XML Schema
XML Schema allow for structural descriptions of XML documents.
Like DTDs, Schema are important because the allow the creation and sharing of abstract structural descriptions. XML Schema have a number of advantages over DTDs.
Schema use XML syntax, so the same tools for processing XML data (e.g., parsers, DOM, SAX, XSLT, etc.) can be used for processing Schema.
Schema support a richer set of data types, allows users to derive their own data types, and supports inheritance.
Schema allow more flexible and powerful definitions of content models.
Schema are extensible, supporting easier reuse of parts of schemas in other schemas (e.g., easier use of Namespaces).
Schema have annotation elements that provide greater documentation of structural design.
XML Schema are powerful but complicated and the Schema Recommendation is long. The World Wide Web Consortium has a primer on XML Schema at http://www.w3c.org/TR/xmlschema-0. These notes contain some examples from that primer (as well as from the text).
Parsing
Xerces-j from the Apache XML project is based on technology donated by IBM.
With Schema, a document is parsed (and determined to be well-formed) before it is validated according to the Schema. XML Schema work on abstract data models (as defined in the Infoset), not on instance documents.
Schema Components is a generic term for the blocks that comprise the abstract data model of the schema. There are 12 components in three groups: Primary, Secondary and Helper Components.

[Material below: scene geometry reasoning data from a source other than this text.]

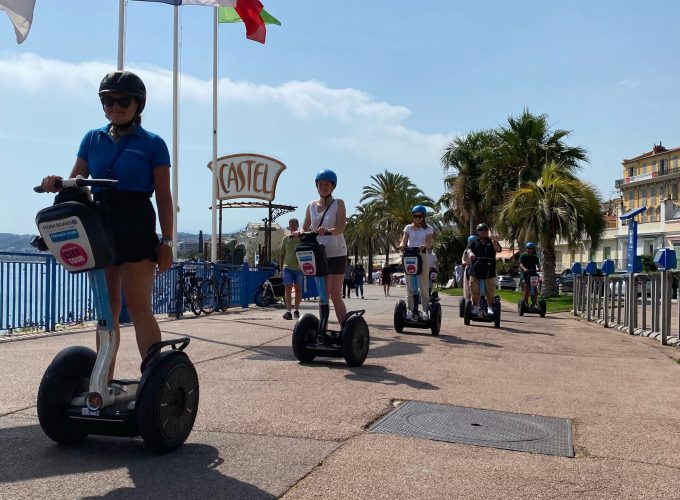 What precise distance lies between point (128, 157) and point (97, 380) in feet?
3.83

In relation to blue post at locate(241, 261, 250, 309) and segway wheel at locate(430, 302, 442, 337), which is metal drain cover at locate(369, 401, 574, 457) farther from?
blue post at locate(241, 261, 250, 309)

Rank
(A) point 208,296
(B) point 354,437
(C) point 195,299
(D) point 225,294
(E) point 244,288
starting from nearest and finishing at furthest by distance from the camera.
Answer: (B) point 354,437 → (C) point 195,299 → (A) point 208,296 → (D) point 225,294 → (E) point 244,288

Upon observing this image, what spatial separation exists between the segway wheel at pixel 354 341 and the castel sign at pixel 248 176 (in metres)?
16.8

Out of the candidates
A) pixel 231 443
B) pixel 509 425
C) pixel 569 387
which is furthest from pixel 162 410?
pixel 569 387

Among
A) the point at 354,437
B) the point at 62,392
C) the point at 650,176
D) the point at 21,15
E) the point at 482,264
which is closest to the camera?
the point at 62,392

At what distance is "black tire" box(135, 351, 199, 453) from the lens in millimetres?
3271

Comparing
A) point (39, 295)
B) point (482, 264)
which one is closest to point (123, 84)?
point (39, 295)

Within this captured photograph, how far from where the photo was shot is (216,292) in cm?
1595

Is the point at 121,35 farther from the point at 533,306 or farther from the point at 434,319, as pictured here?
the point at 533,306

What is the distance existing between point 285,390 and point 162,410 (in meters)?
1.82

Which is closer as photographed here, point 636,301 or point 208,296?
point 636,301

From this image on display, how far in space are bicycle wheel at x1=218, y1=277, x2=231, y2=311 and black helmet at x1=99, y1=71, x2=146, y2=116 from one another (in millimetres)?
12707

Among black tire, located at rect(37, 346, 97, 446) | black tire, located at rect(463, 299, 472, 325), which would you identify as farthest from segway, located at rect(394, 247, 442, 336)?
black tire, located at rect(37, 346, 97, 446)

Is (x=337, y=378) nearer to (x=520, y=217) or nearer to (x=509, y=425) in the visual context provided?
(x=509, y=425) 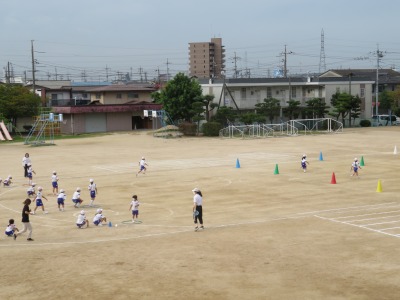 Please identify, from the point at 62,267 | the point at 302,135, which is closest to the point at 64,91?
the point at 302,135

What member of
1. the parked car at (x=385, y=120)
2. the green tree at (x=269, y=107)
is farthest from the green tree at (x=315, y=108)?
the parked car at (x=385, y=120)

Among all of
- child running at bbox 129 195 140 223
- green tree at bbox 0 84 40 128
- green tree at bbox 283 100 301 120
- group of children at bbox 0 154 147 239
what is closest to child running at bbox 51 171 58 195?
group of children at bbox 0 154 147 239

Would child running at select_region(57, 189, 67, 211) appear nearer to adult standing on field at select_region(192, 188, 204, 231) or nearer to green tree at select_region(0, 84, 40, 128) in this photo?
adult standing on field at select_region(192, 188, 204, 231)

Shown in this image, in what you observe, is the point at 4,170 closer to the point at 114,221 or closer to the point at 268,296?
the point at 114,221

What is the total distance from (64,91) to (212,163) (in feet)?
187

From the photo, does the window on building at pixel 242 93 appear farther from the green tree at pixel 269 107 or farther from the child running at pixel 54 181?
the child running at pixel 54 181

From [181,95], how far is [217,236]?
51993mm

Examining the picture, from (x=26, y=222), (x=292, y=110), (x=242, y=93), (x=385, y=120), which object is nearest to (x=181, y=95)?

The Schema root element includes
the namespace for the Schema and sets up the xsd: prefix:
<xsd:schema xmlns:xsd="http://www.w3/org/2001/XMLSchema">
...
</xsd>
Primary Components
There are four primary components:
element declarations
simple type definitions
complex type definitions
attribute declarations
Element Declarations
The syntax for element declarations
is:
<xsd:element name="element_name" />
For example:
<xsd:element name="date_of_visit" />
Types can be associated with elements
using the following syntax:
<xsd:element name="element_name" type="element_type" />
For example:
<xsd:element name="date_of_visit" type="xsd:date" />
Cardinality can be given for the
presence of the element in the data:
<xsd:element name="element_name"
minOccurs="cardinality" maxOccurs="cardinality">
For example:
<xsd:element name="date_of_visit" type="xsd:date"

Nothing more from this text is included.